Return the whole listing exactly, omitting the pictures.

PROVIDED DATA:
----
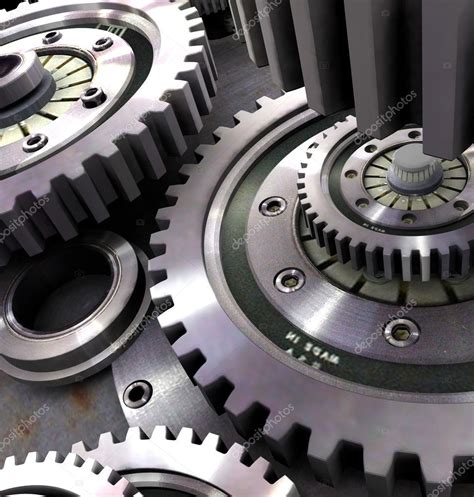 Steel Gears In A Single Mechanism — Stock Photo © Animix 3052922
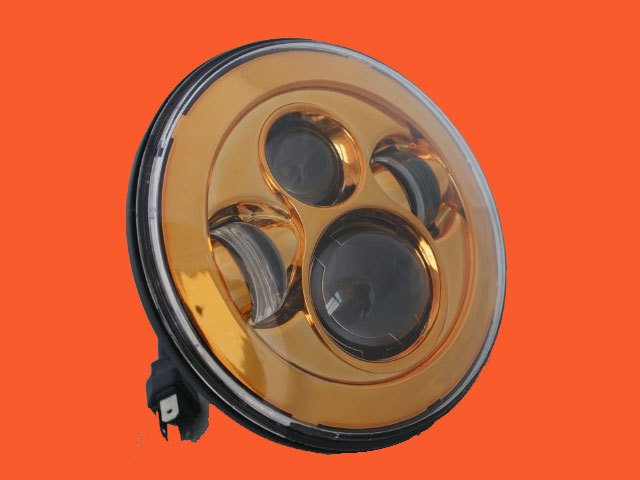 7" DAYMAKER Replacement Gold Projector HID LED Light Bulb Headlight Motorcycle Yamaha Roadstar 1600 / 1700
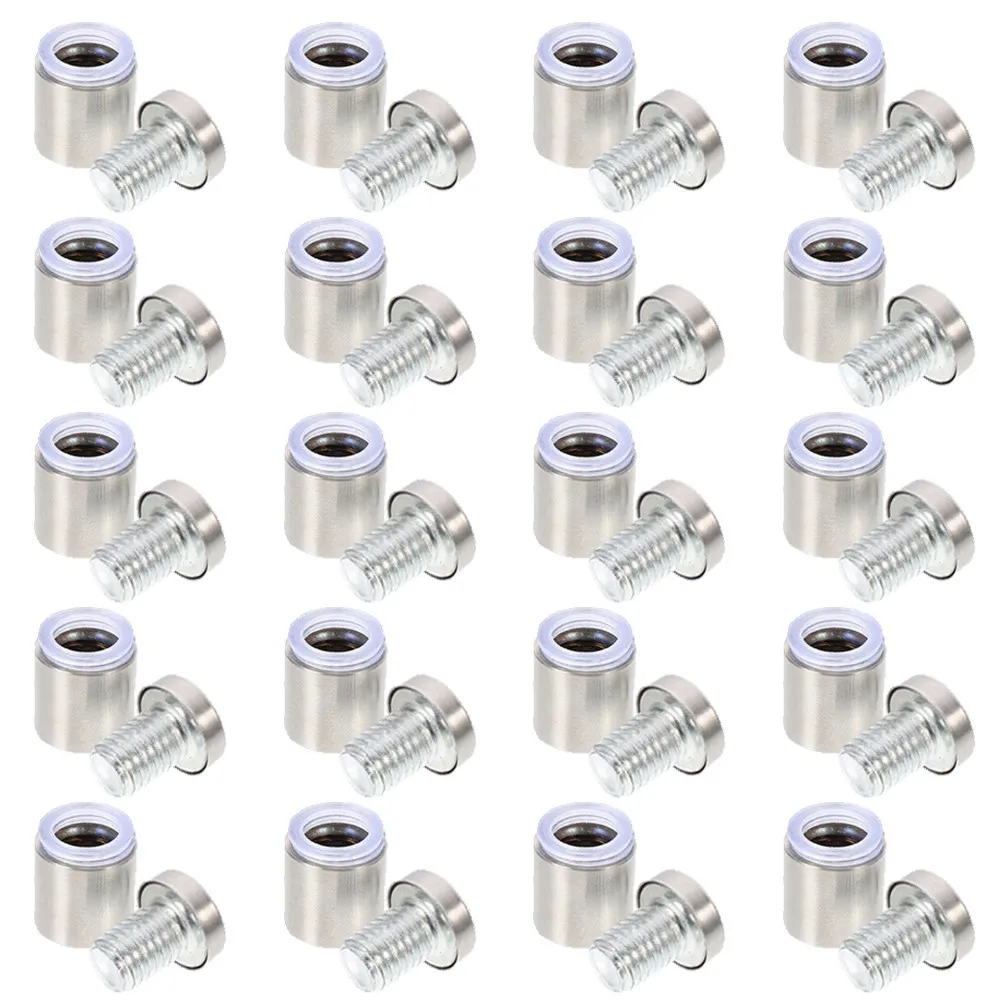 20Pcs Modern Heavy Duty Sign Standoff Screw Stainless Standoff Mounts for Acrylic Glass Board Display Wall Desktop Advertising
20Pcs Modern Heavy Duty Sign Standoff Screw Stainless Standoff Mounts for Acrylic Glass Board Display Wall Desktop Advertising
----
ANSWER TO THIS EXERCISE:
 Steel Gears In A Single Mechanism — Stock Photo © Animix 3052922
 7" DAYMAKER Replacement Gold Projector HID LED Light Bulb Headlight Motorcycle Yamaha Roadstar 1600 / 1700
 20Pcs Modern Heavy Duty Sign Standoff Screw Stainless Standoff Mounts for Acrylic Glass Board Display Wall Desktop Advertising
20Pcs Modern Heavy Duty Sign Standoff Screw Stainless Standoff Mounts for Acrylic Glass Board Display Wall Desktop Advertising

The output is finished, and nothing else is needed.